*** Opening TASK MATERIAL ***
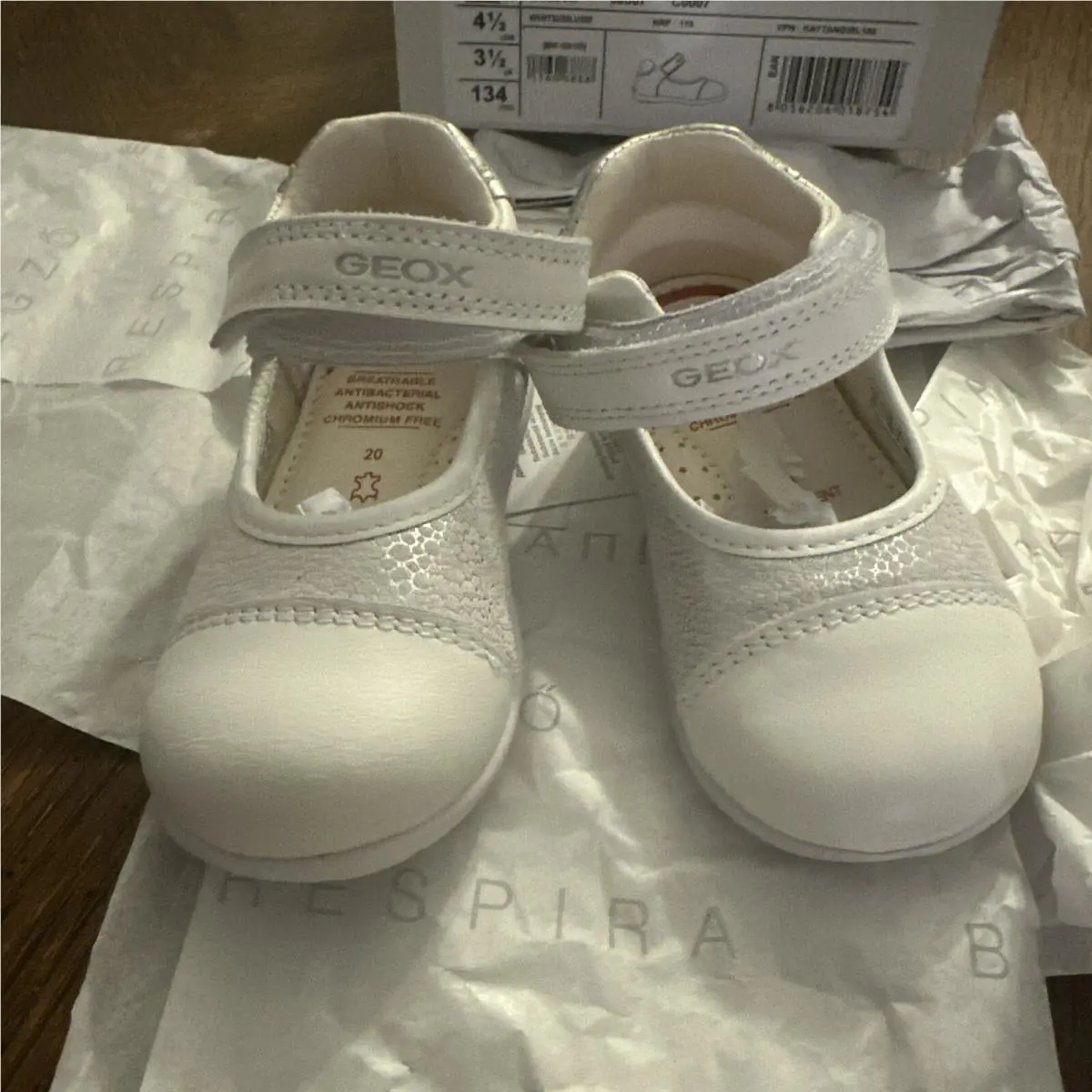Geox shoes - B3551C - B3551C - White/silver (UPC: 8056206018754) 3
*** Closing TASK MATERIAL ***
*** Opening TASK MATERIAL ***
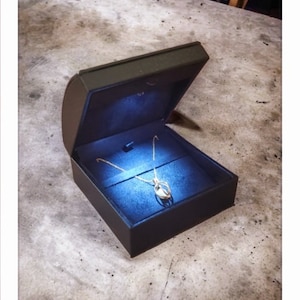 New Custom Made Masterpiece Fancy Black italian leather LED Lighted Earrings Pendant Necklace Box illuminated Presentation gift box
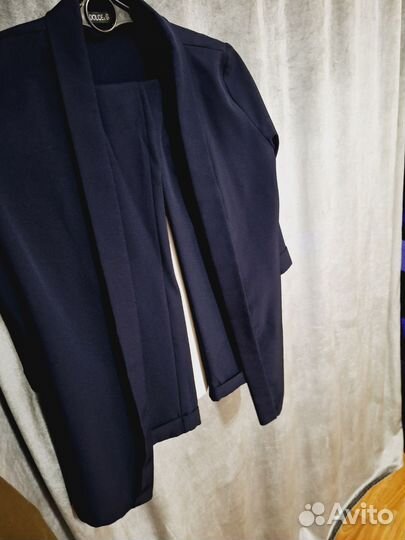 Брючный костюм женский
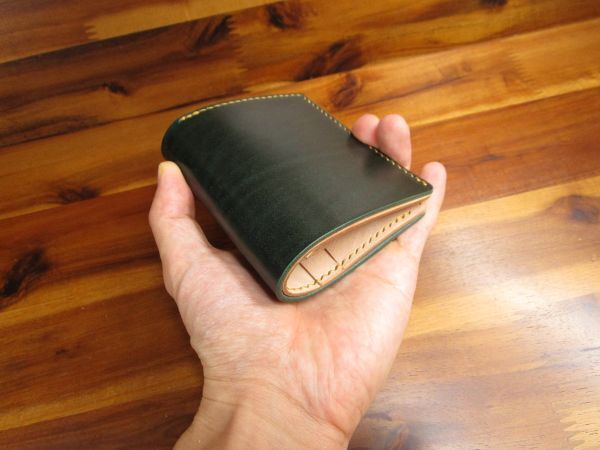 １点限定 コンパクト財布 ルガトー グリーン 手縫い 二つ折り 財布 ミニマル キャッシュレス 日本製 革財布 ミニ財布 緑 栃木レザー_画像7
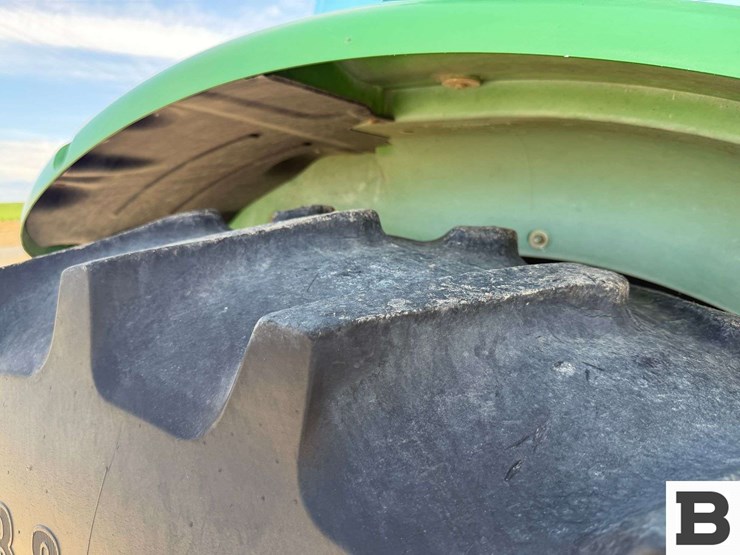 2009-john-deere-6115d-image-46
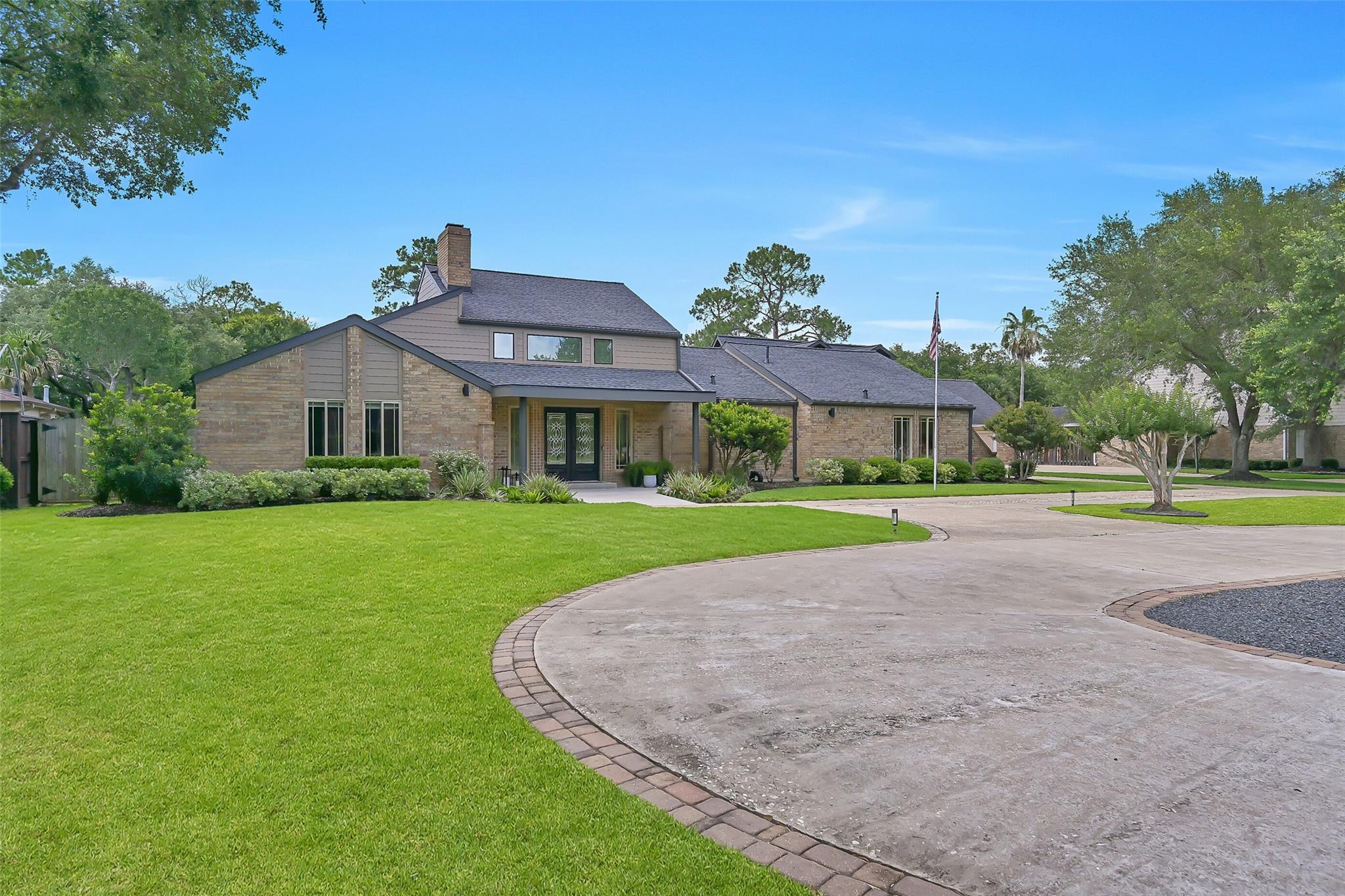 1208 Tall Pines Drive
*** Closing TASK MATERIAL ***
> [WORK ORDER] Within the entries above, give again exactly the lines starting at the one that contains "Брючный костюм женский" and ending at the one that contains "1208 Tall Pines Drive", leaving out the pictures.

> [COMPLETED TASK]
 Брючный костюм женский
 １点限定 コンパクト財布 ルガトー グリーン 手縫い 二つ折り 財布 ミニマル キャッシュレス 日本製 革財布 ミニ財布 緑 栃木レザー_画像7
 2009-john-deere-6115d-image-46
 1208 Tall Pines Drive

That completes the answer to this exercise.